Instructions for the task -
Would you please repeat, word for word, only the lines from the one holding "прекрасни бебета сандали-с-цветя-плетене" through the one holding "HYUNDAI VENUE MODERN" in the material below, without the pictures?

Information shown -
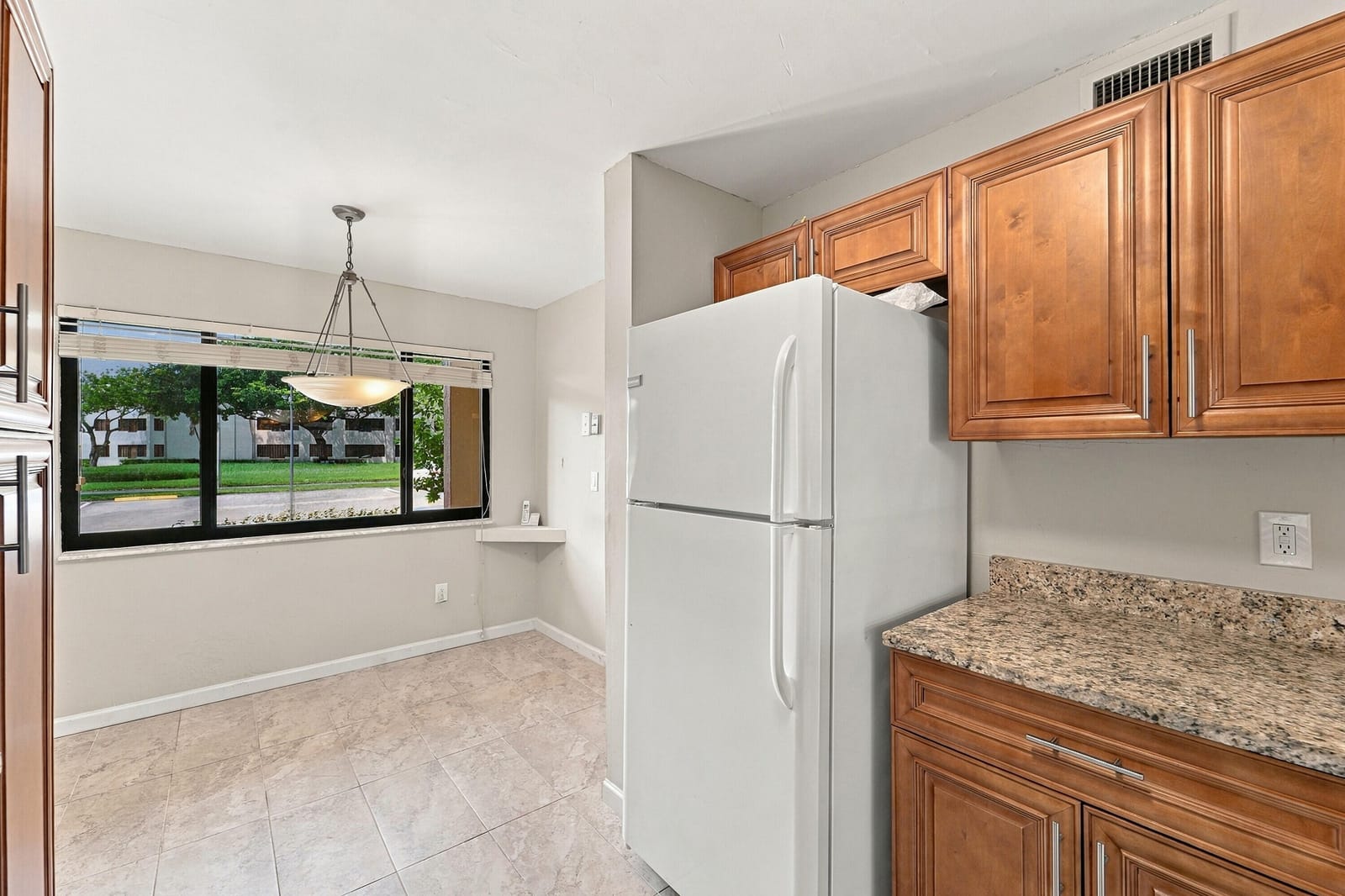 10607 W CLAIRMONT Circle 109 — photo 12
==
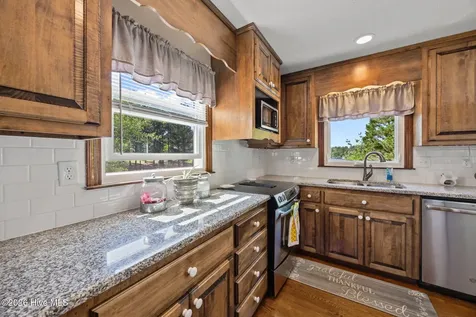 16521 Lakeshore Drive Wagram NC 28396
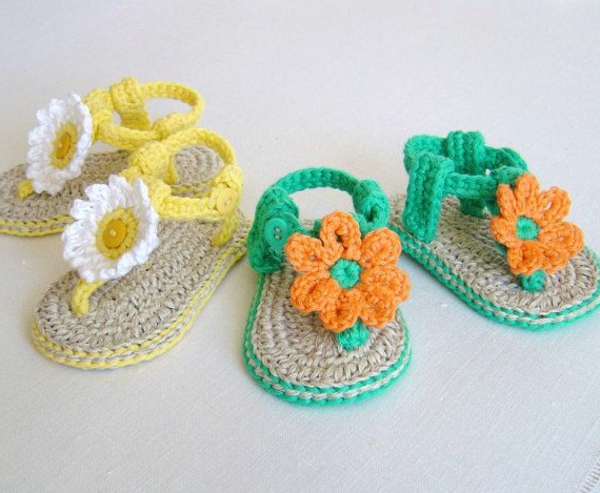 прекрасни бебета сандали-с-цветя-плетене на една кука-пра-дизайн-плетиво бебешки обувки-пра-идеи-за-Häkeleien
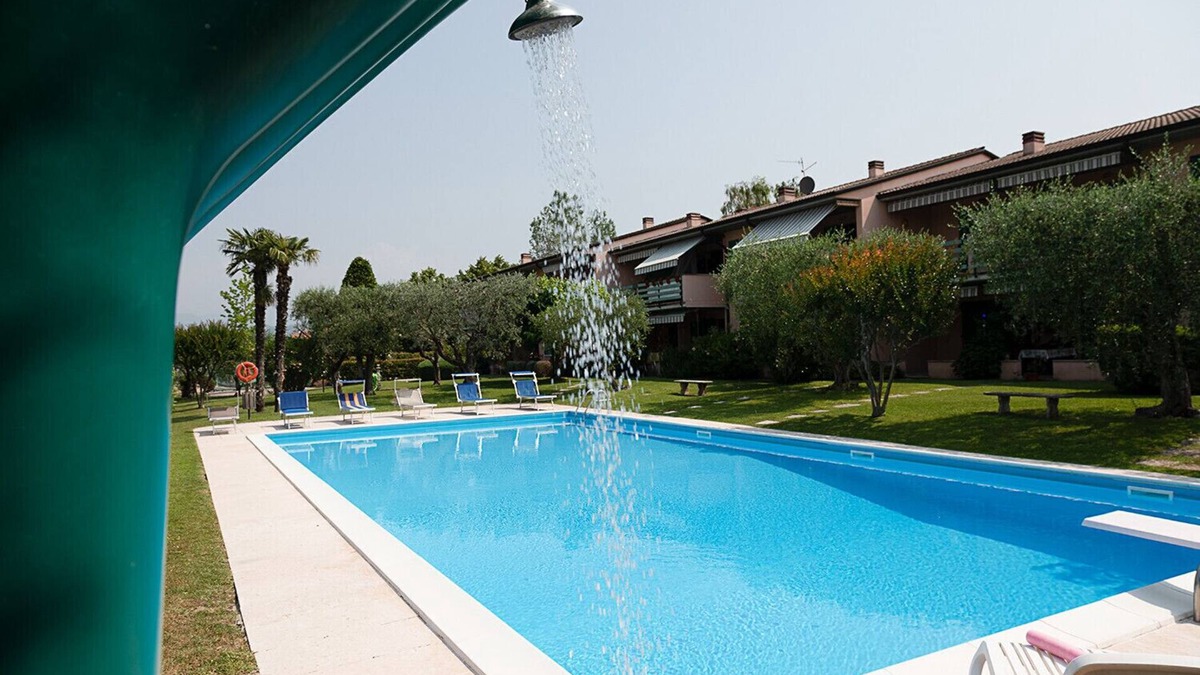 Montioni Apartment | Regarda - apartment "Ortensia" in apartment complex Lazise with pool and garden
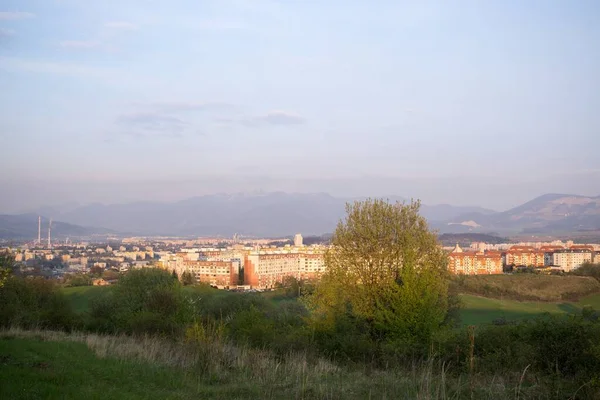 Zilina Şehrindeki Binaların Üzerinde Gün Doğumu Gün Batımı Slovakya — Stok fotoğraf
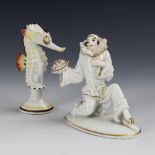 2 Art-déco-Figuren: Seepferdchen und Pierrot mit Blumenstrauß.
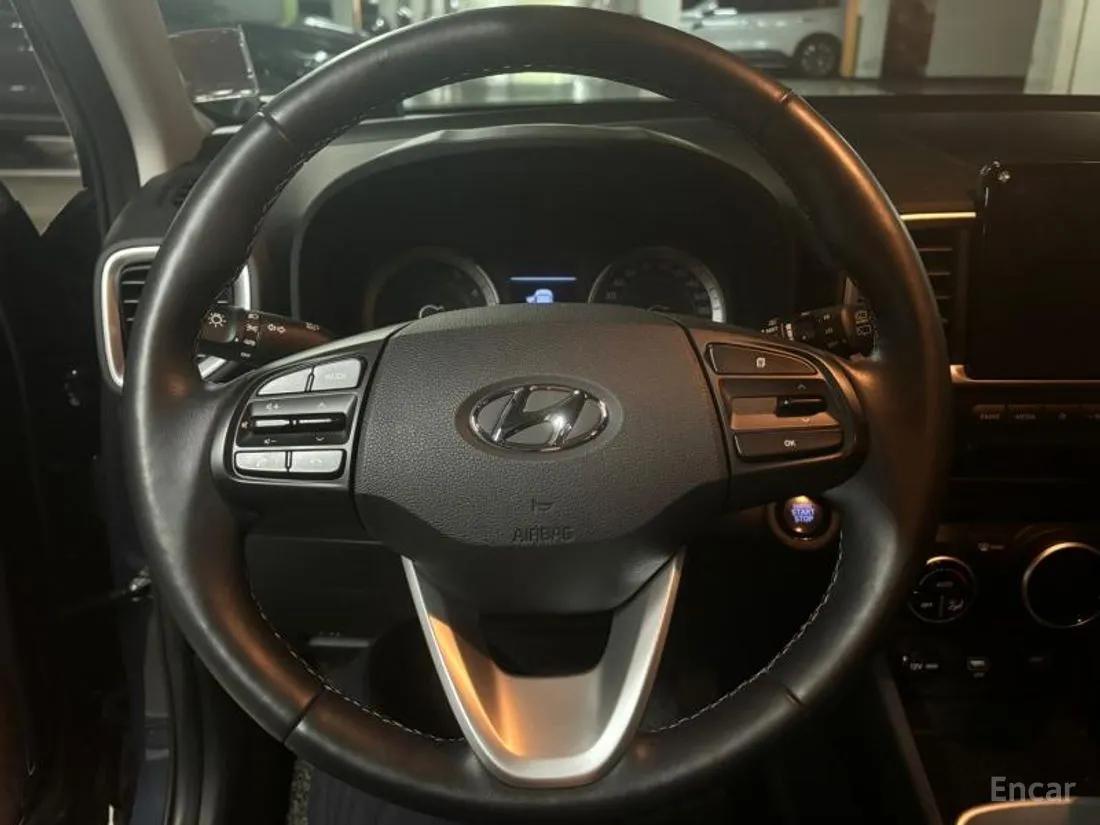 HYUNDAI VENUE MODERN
* * *
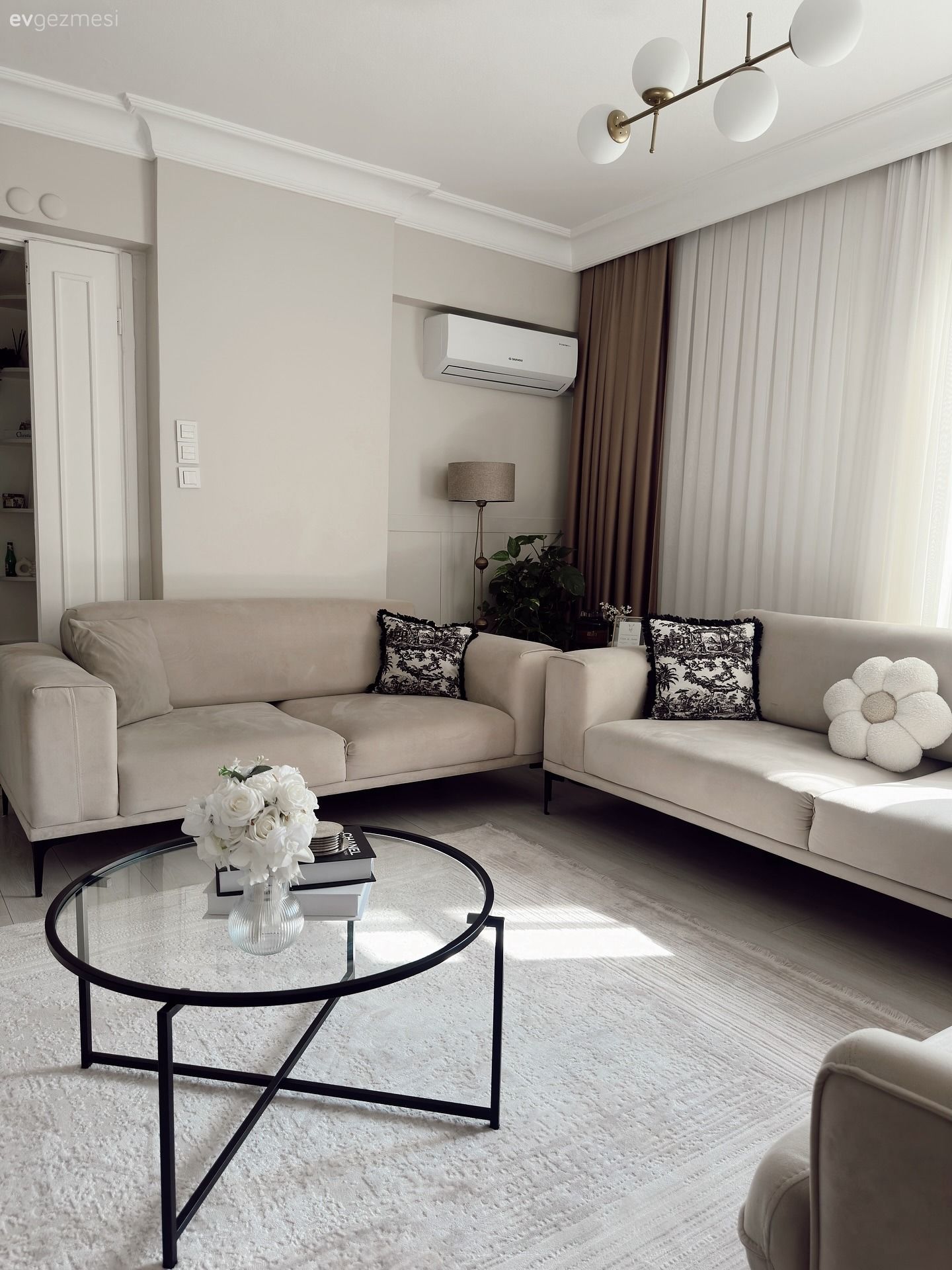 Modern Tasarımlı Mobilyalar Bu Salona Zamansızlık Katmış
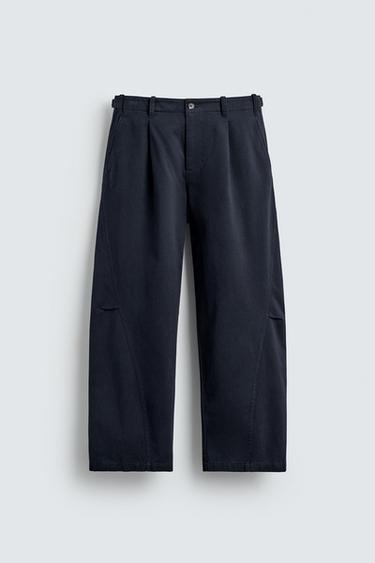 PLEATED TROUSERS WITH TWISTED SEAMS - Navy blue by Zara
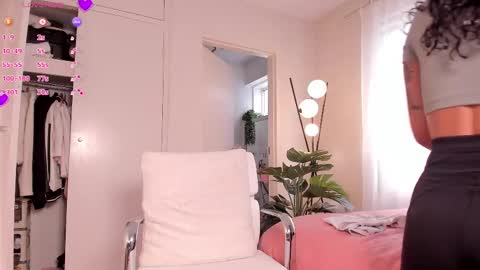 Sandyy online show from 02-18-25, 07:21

Answer to this problem -
 прекрасни бебета сандали-с-цветя-плетене на една кука-пра-дизайн-плетиво бебешки обувки-пра-идеи-за-Häkeleien
 Montioni Apartment | Regarda - apartment "Ortensia" in apartment complex Lazise with pool and garden
 Zilina Şehrindeki Binaların Üzerinde Gün Doğumu Gün Batımı Slovakya — Stok fotoğraf
 2 Art-déco-Figuren: Seepferdchen und Pierrot mit Blumenstrauß.
 HYUNDAI VENUE MODERN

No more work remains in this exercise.